Sign me up on this one, at least in principle. He's been tampering with the warmth of the natural voice too much for several years in the studio. I love the clarity he used to get on instruments back when he really was a superb engineer—from 1976 through about 1984. But in recent years, I think his ear has let him down. Already by 1979, some critics were pointing out that some tracks had an opaque, willowy echo on them, like strands of weeds in a burbling brook. That approach has become Lindsey's hallmark now, unfortunately for me. I no longer hear distinct tracks and their complementary qualities when I listen to something like When She Comes Down or Murrow. I hear wisps of reverb shoot through my ear like air through a seashell. The musical structure gets impaired; bars melt into one another so that you're not even sure of the passage of musical time.

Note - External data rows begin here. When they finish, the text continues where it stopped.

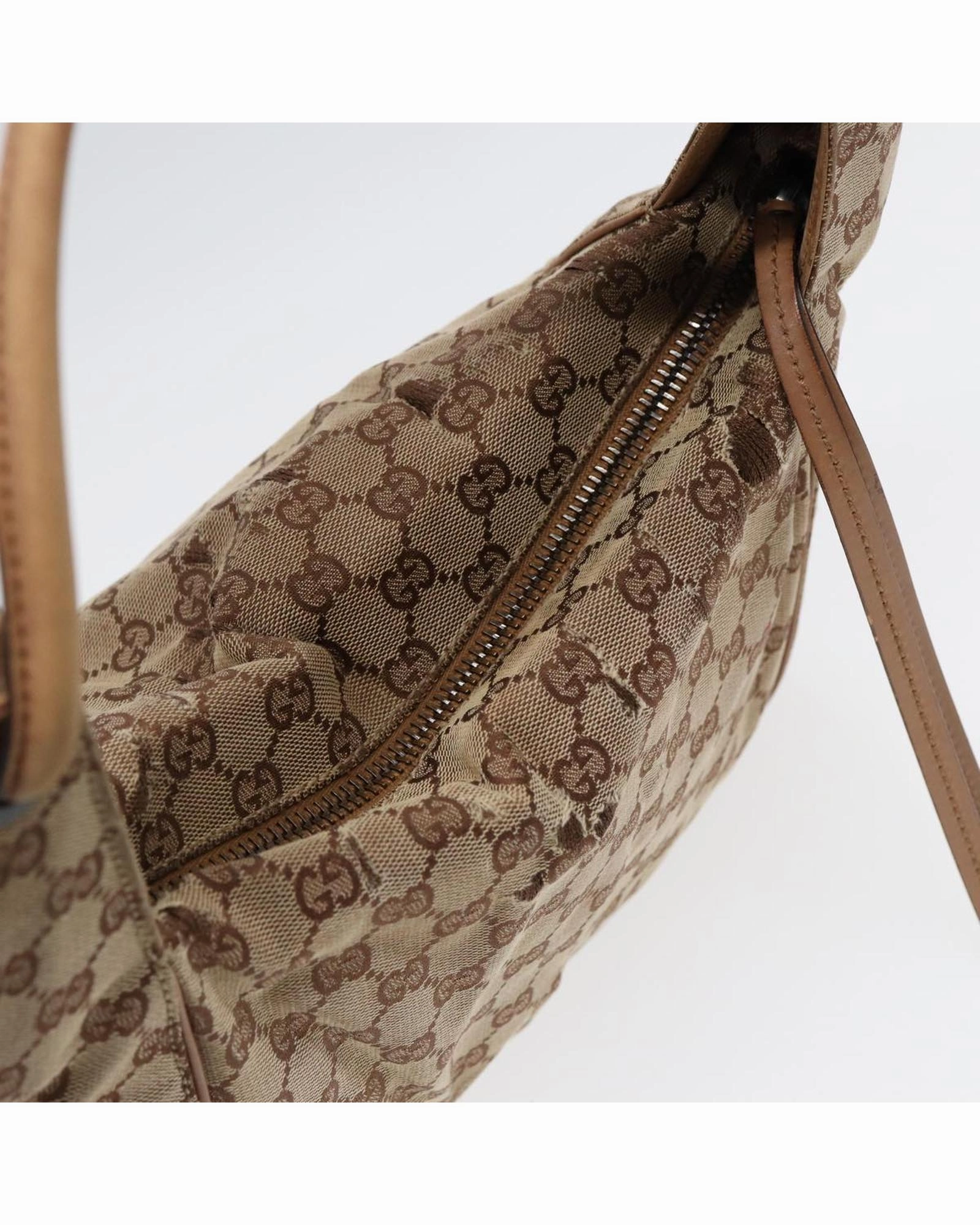 GG Canvas Medium Shoulder Bag 114571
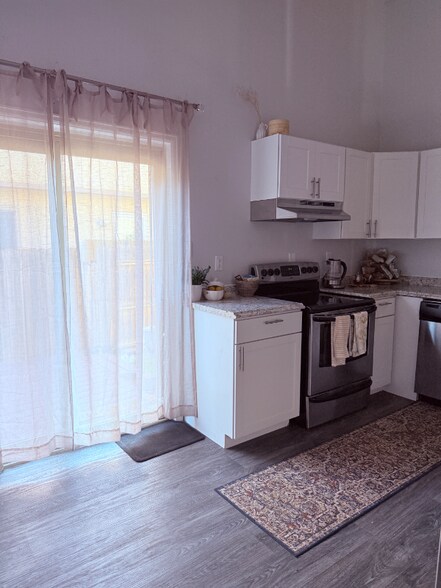 Building Photo - 3165 Dublin Blvd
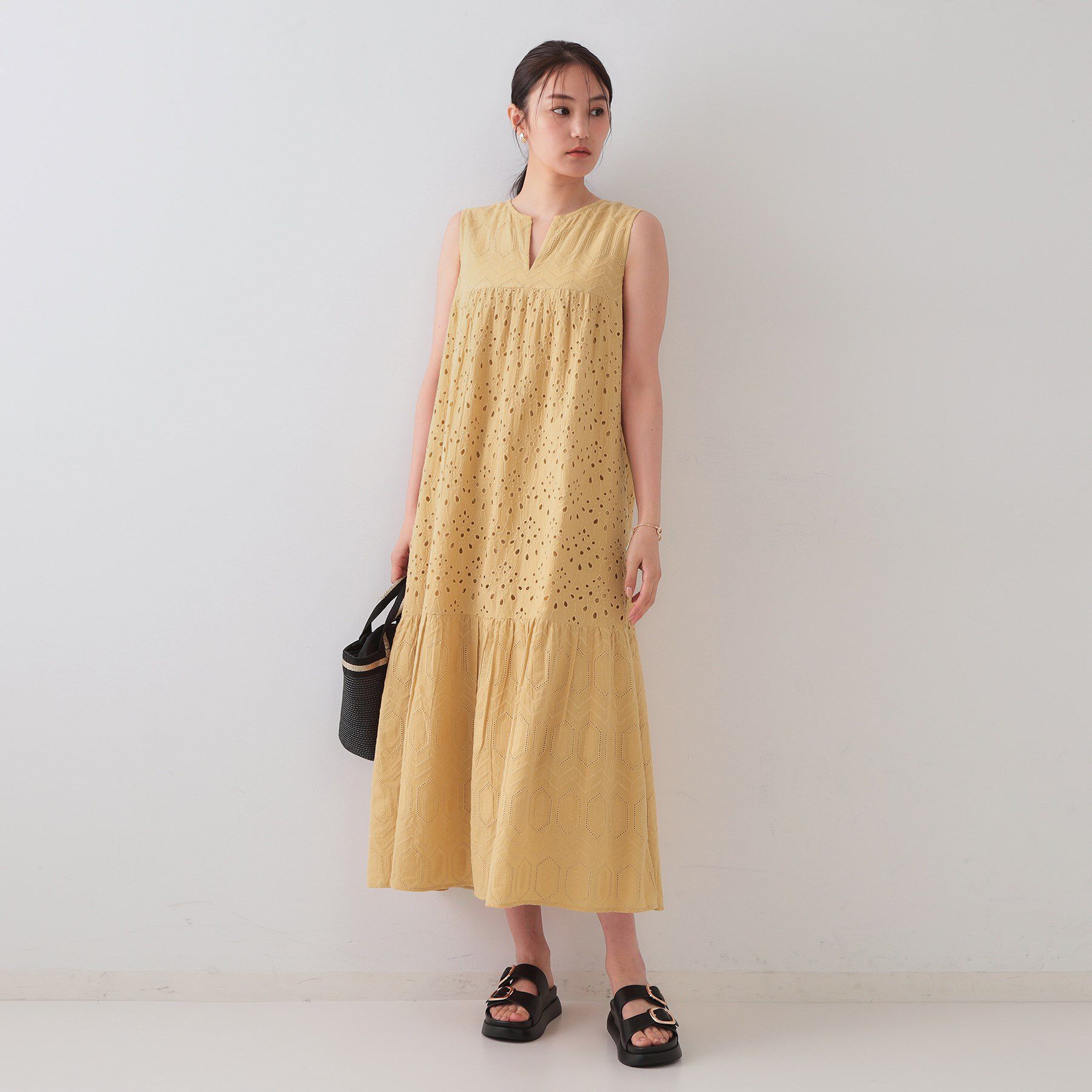 OPAQUE.CLIP「インドコットンアイレット刺繍ティアードワンピース【洗える】」|ワンピース|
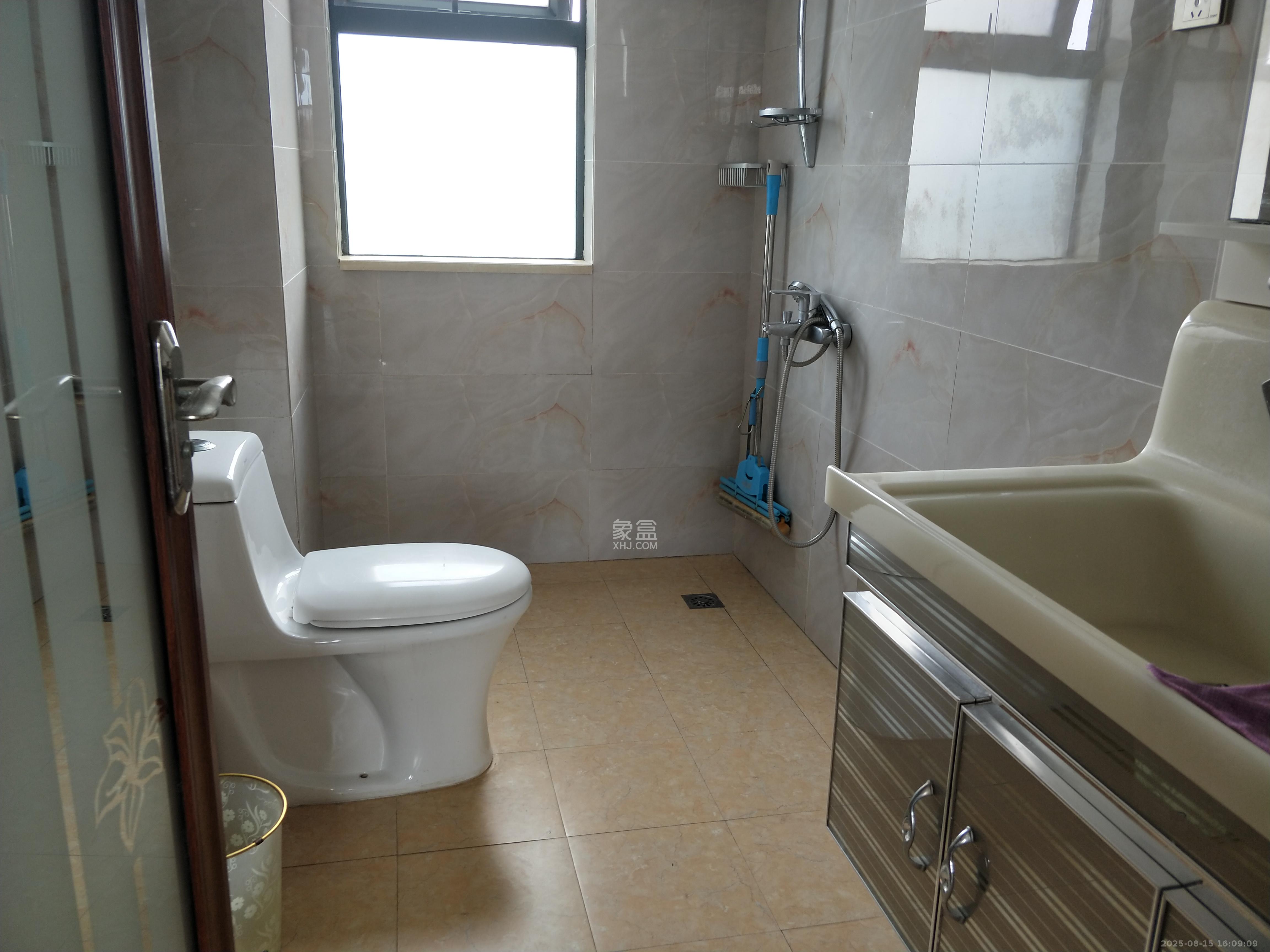 莱茵城 3室2厅1卫 2400.0元/月 莱茵城 3室2厅1卫 2400.0元/月室内图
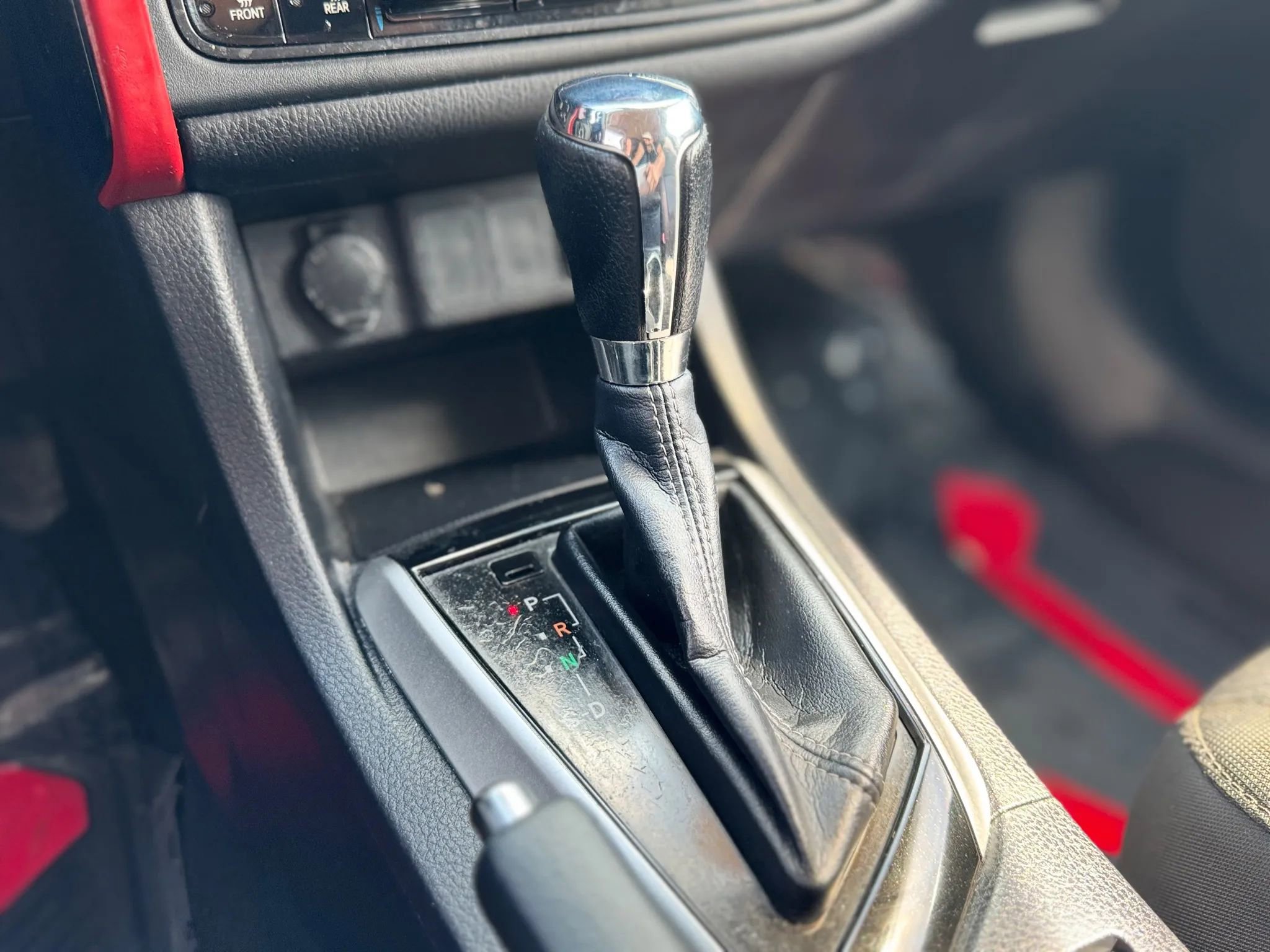 Used 2017 Toyota Corolla LE image 26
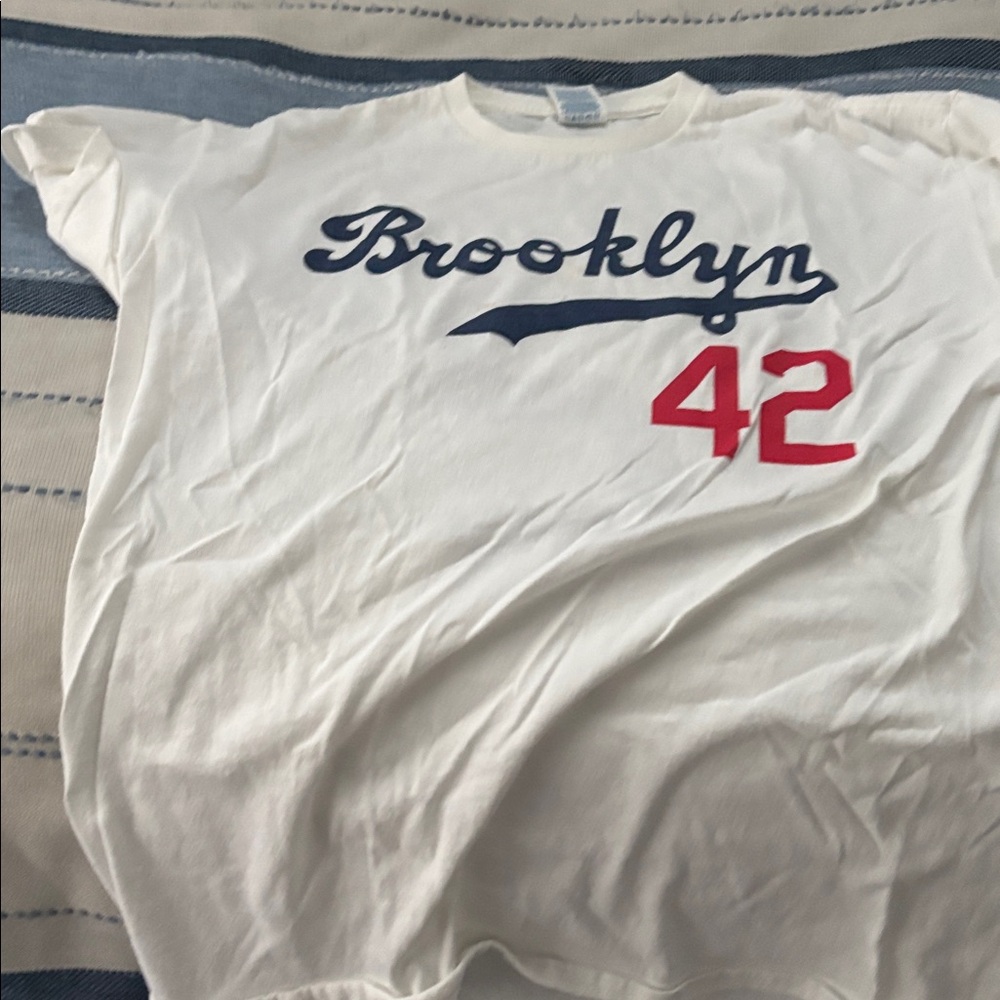 Brooklyn Graphic T-Shirt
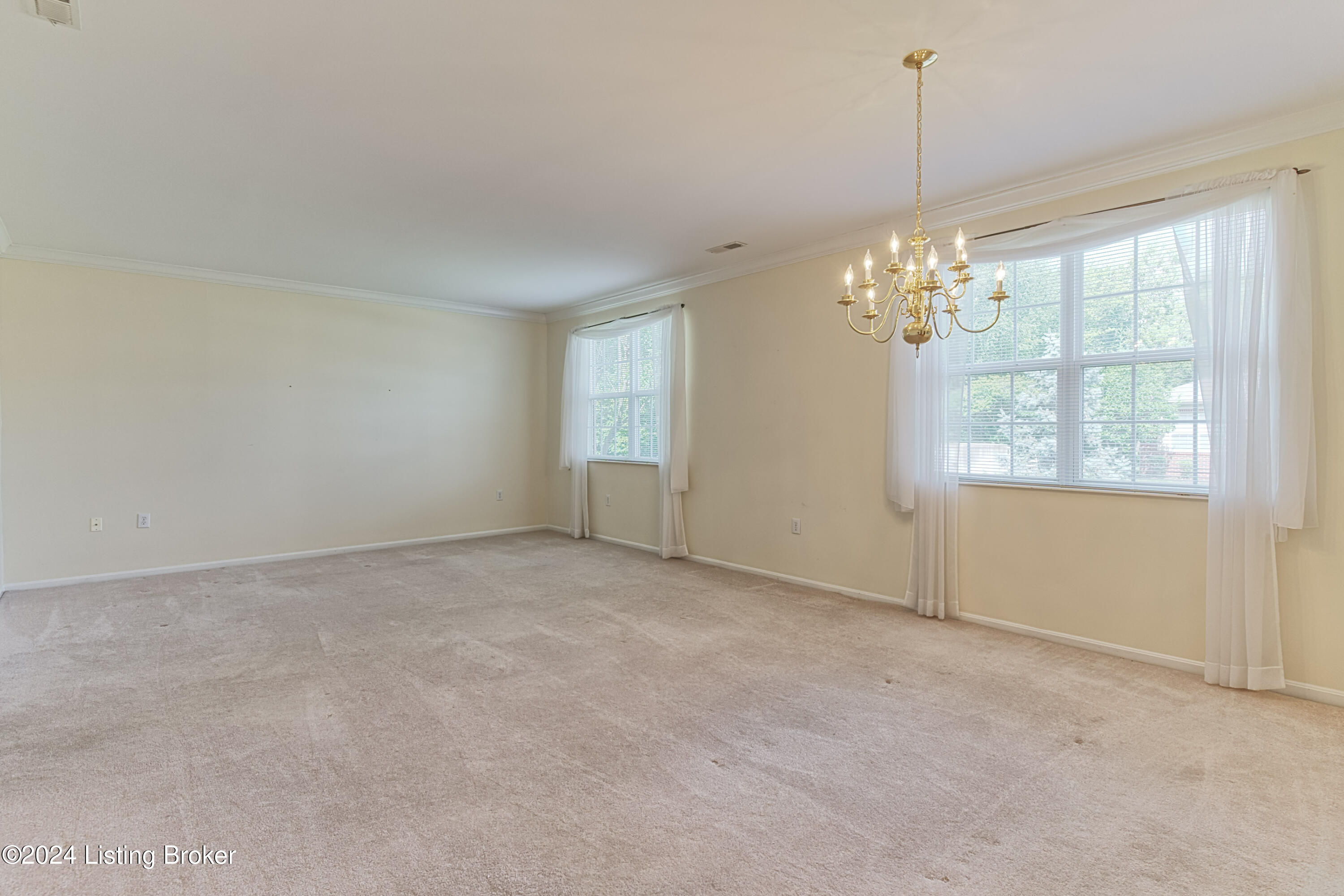 5108 Telford Ln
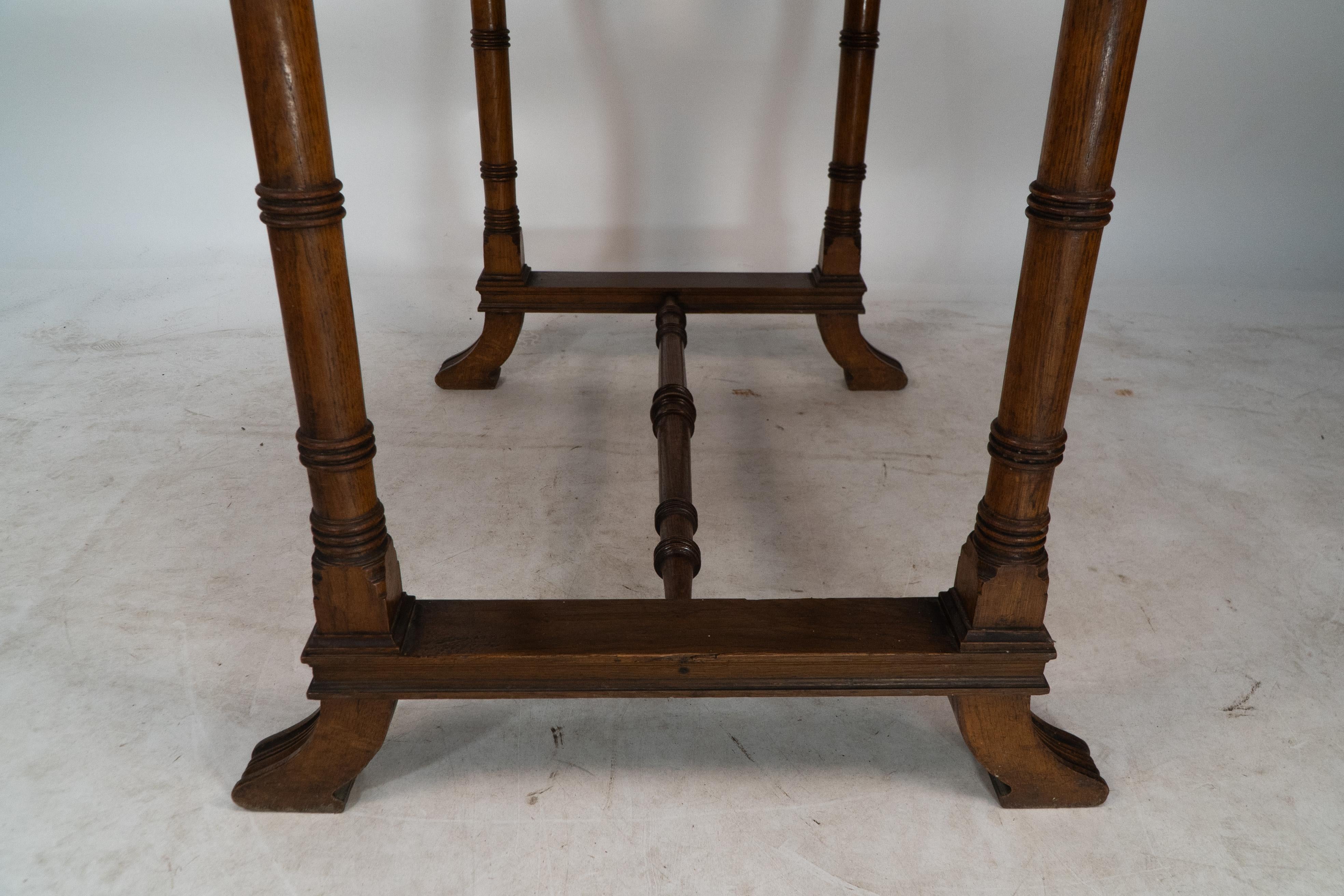 Aesthetic Movement oak oblong side table with ring turned legs, and splayed feet For Sale 4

In 1983 or so, when he bought himself the Fairlight CMI, instead of using it for subtle coloring (which I wish he had), he sampled the hell out of everything and painstakingly (and self-consciously) crafted a rather grunty, clubfooted monster out of bits of sonic tissue. That's how we got the Go Insane album and even the Tango in the Night album. (Play in the Rain is so over-the-top as an objet trouvé and "found sounds" that I honestly think sometimes he meant it as a self-referential joke.) Lindsey turned a lot of his studio music into "art" music, or into an Eighties and Nineties version of prog, and its turned out to be less interesting on repeat than the Never Going Back Again or It Was I style of production.

Go back to the rough takes and early dubs of I Know I'm Not Wrong on the Tusk deluxe. Those jump out of the speaker at you—they're so playful and soulful. What ever happened to that Lindsey?

Also, about the I Don't Want to Know stuff that we're all talking about, don't forget that the Penguin ran a bunch of Q&As years ago, and one or two of them were with people from the Buckingham Nicks band, like Hoppy Hodges. They talk a little bit about that song and several others that got recorded for later Fleetwood albums. Don't forget to read them (or reread them if you're an old timer here).